**Exercise**. The line containing "Sluice Fox 31" marks where to begin; quote it and every line after it through the end of the data, exactly as written.

**Material to process**.
%%

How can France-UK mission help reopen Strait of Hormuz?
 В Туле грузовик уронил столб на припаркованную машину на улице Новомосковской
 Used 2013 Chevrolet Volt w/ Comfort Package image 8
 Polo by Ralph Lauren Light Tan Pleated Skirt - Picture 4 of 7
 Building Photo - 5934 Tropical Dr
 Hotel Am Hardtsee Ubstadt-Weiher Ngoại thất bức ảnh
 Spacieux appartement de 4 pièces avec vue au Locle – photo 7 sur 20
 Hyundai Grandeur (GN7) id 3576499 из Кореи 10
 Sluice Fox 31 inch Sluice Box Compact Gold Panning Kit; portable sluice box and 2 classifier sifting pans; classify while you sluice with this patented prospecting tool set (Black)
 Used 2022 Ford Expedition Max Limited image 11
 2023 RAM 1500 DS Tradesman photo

%%

**Solution for this problem**.
 Sluice Fox 31 inch Sluice Box Compact Gold Panning Kit; portable sluice box and 2 classifier sifting pans; classify while you sluice with this patented prospecting tool set (Black)
 Used 2022 Ford Expedition Max Limited image 11
 2023 RAM 1500 DS Tradesman photo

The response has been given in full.